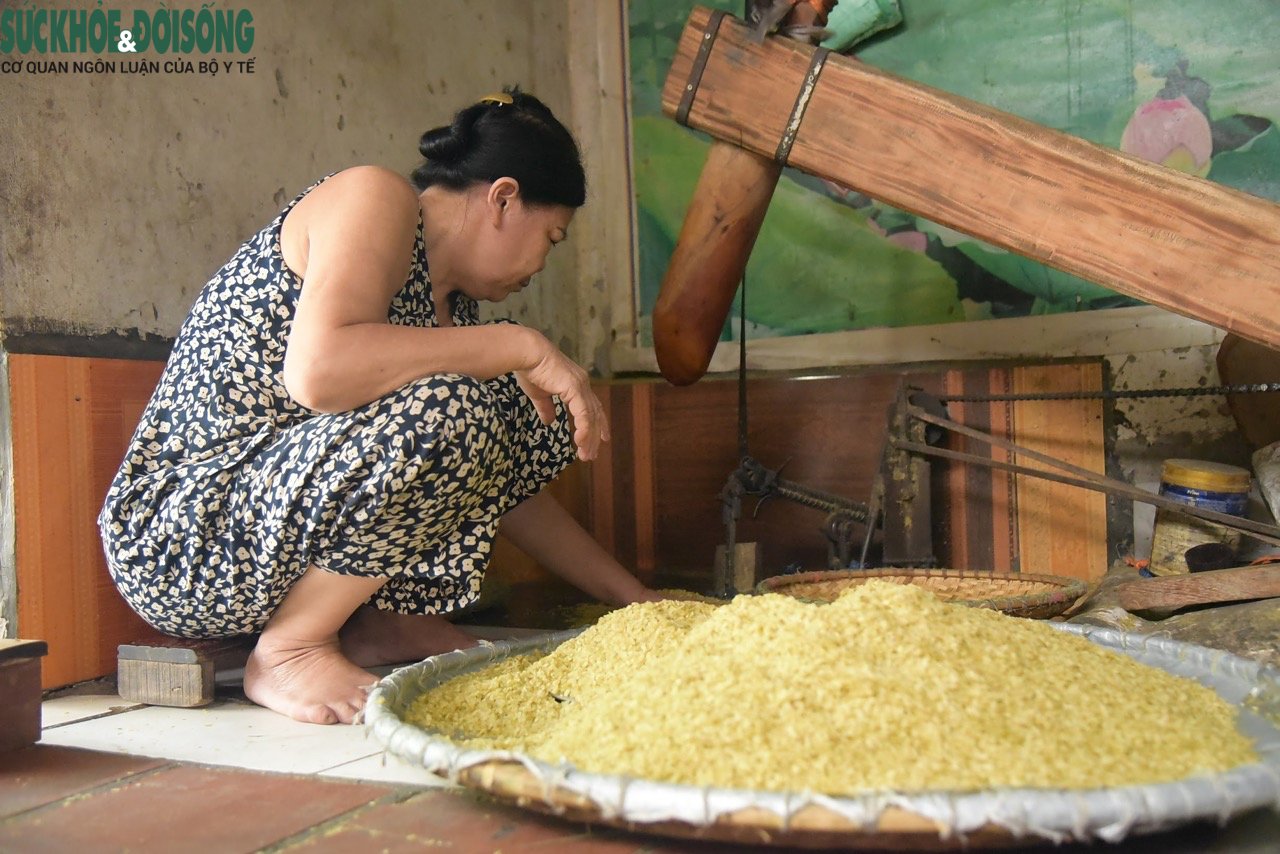 Làng Mễ Trì rực lửa, tiếng chày rộn vang vào mùa cốm lớn nhất trong năm - Ảnh 7.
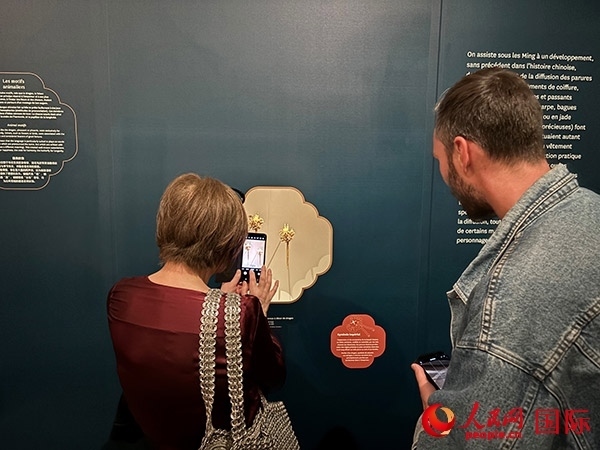  法國(guó)觀(guān)眾在展區(qū)拍照留念。人民網(wǎng)記者 于超凡攝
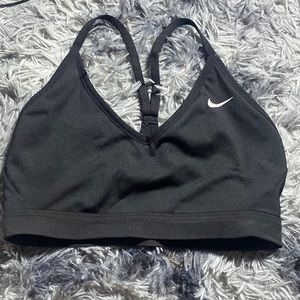 black nike sports bra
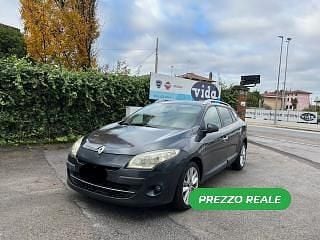 Grigio Usata 2010 Renault Mégane III Station wagon | 2500 € (Buon prezzo) - Immagine 1/4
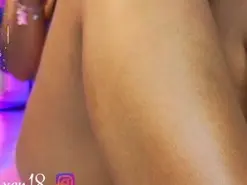 Amateur Private Sex Chat of LittleVixen18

========

■ Description of the task:
Could you copy the lines above exactly and skip the images?

■ Exercise result:
 Làng Mễ Trì rực lửa, tiếng chày rộn vang vào mùa cốm lớn nhất trong năm - Ảnh 7.
  法國(guó)觀(guān)眾在展區(qū)拍照留念。人民網(wǎng)記者 于超凡攝
 black nike sports bra
 Grigio Usata 2010 Renault Mégane III Station wagon | 2500 € (Buon prezzo) - Immagine 1/4
 Amateur Private Sex Chat of LittleVixen18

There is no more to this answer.